Lecture 8 - Estimating the Cost of a Query Plan

Requires

Esimating the size of results
Estimating the number of IOs

Estimating result size: need the following statistics

T(R): the number of tuples in R
S(R): number of bytes in each tuple of R
B(R): number of blocks to hold all R tuples
V(R, A): number of distinct values for attribute A in R

Ex:

Given $W = R1\times R2$

\[T(W) = T(R1) \times T(R2)\]
\[S(W) = S(R1) + S(R2)\]

Size estimate for $$W = \sigma_{Z=val}(R)

S(W) = S(R)
T(W) = T(R) / V(R, Z)

Calculating Results with Inequalities

What about a query $W = \sigma_{z \geq 15}R$?

Keep statistics on the table, a histogram of frequencies over a number of buckets

Size estimate of a join…

query: $W = R1\bowtie R2$
Let X = attributes of R1
ket Y = attributes of R2
Join can have $[0, T(R1)T(R2)]$ tuples.
If we have some more information it can be helpful
- Assume every value of A in R1 is in R2 (typically A is a foreign key of R1, R2.A is a primary key)

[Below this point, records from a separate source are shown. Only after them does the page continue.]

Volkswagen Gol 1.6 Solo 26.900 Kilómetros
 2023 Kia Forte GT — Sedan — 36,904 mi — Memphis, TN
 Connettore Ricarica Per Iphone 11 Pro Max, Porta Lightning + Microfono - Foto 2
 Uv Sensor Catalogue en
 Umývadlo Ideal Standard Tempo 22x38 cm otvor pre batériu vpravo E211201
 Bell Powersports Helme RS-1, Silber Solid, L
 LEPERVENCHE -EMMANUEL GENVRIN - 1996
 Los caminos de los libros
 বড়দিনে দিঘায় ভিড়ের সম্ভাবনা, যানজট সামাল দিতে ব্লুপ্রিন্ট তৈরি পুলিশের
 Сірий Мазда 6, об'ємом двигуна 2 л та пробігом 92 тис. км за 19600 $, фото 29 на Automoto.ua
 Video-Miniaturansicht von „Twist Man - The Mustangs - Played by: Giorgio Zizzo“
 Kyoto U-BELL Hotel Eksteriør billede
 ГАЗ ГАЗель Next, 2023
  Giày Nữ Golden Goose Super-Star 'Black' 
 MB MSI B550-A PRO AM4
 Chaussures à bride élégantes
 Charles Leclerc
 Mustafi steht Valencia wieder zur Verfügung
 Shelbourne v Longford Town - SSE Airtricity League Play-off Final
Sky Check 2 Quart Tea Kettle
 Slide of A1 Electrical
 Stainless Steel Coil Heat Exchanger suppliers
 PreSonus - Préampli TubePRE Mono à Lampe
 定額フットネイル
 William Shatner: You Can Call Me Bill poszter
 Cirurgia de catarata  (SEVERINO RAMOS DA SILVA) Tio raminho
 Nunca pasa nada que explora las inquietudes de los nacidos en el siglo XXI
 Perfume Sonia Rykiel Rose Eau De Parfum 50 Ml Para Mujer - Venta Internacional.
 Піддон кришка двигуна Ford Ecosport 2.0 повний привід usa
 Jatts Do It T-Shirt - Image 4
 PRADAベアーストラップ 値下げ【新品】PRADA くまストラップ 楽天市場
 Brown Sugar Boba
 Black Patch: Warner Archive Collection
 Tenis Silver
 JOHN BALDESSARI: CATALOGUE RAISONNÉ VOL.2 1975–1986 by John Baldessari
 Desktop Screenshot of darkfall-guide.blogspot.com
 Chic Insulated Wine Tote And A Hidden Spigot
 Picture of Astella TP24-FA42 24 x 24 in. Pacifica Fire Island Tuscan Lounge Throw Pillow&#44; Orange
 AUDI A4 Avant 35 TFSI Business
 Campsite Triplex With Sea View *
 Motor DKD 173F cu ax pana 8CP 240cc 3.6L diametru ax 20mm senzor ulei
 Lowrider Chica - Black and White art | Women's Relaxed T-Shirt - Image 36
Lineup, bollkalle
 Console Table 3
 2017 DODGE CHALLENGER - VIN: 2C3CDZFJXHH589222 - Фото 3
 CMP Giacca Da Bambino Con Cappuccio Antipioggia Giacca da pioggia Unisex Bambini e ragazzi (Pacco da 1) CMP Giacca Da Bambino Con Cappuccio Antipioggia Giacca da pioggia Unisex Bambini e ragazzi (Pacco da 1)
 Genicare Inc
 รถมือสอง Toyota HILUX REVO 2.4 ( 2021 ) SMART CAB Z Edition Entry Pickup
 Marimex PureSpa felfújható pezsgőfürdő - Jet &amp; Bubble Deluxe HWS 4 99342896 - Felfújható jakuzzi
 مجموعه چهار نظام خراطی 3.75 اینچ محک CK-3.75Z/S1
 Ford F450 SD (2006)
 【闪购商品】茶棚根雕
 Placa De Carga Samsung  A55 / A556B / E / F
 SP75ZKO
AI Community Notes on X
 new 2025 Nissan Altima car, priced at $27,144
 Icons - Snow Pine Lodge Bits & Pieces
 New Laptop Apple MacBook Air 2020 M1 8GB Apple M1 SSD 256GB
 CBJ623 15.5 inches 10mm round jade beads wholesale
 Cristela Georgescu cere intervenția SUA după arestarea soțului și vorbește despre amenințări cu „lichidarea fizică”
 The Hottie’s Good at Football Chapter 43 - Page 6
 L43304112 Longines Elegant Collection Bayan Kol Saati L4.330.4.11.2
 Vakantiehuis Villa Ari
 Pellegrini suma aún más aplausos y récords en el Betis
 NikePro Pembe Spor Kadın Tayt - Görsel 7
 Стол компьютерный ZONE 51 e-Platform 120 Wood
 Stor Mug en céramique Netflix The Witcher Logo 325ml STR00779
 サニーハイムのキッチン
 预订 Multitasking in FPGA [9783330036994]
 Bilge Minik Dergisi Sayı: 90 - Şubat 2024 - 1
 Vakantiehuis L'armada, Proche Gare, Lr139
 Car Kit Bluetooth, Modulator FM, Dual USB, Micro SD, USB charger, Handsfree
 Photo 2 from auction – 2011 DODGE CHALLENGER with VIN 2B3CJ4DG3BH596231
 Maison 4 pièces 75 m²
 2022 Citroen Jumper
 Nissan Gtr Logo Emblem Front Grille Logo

Computing T(W) when A of R1 is a foreign key of R2

If R2.A is a primary key, it occurs only once, so then the T(W) = T(R1)
Ok, but what happens when A is not a primary key (unique), then we need to multiple T(R1) by the average number of matches in R2. Thus

\[T(W) = \frac{T(R2)}{V(R2, A)}T(R1)\]

in the case of $V(R1, A) \leq V(R2, A) \rightarrow T(W) = \frac{T(R2)T(R1)}{V(R2, A)}$
in the case of $V(R2, A) \leq V(R1, A) \rightarrow T(W) = \frac{T(R2)T(R1)}{V(R1, A)}$
In general $T(W) = \frac{T(R2)T(R1)}{max(V(R1, A), V(R2, A))}$

Case: A 3-way join for 3 tables which share the same attribute?

Example:

R1, R2, R3

T(R1) = 10000
T(R2) = 20000
T(R3) = 5000
V(R1, A) = 1000
V(R2, A) = 20000
V(R3, A) = 500

Join: $R1\bowtie R2\bowtie R3 \rightarrow (R1\bowtie R2) \bowtie R3$

The intermediate result of $R1\bowtie R2$ has $T(R1\bowtie R2) = 10000$
- The intermediate of $V(R1\bowtie R2, A) =$1000, or 20,000?
  - Preserve probability of the larger table?

Lecture 9 - Plan Enumeration

Smart exhaustive algorithm for generating query plans
- Textbook Section 16.6
INGRES Heuristic for enumeration

Practice problems

Given the relations R(A, B, C) and S(C, D, E) give 6 valid logical query plans

SELECT B, C, D
FROM R, A
where R.C=S.C AND R.A=5;

Given the relations R, S, and T, Give an algebraic expression that only contains the join operator

SELECT *
FROM R, S, T
where R.A=S.A AND S.B=T.B;

Given the plans from the above problem, give plans for executing the query.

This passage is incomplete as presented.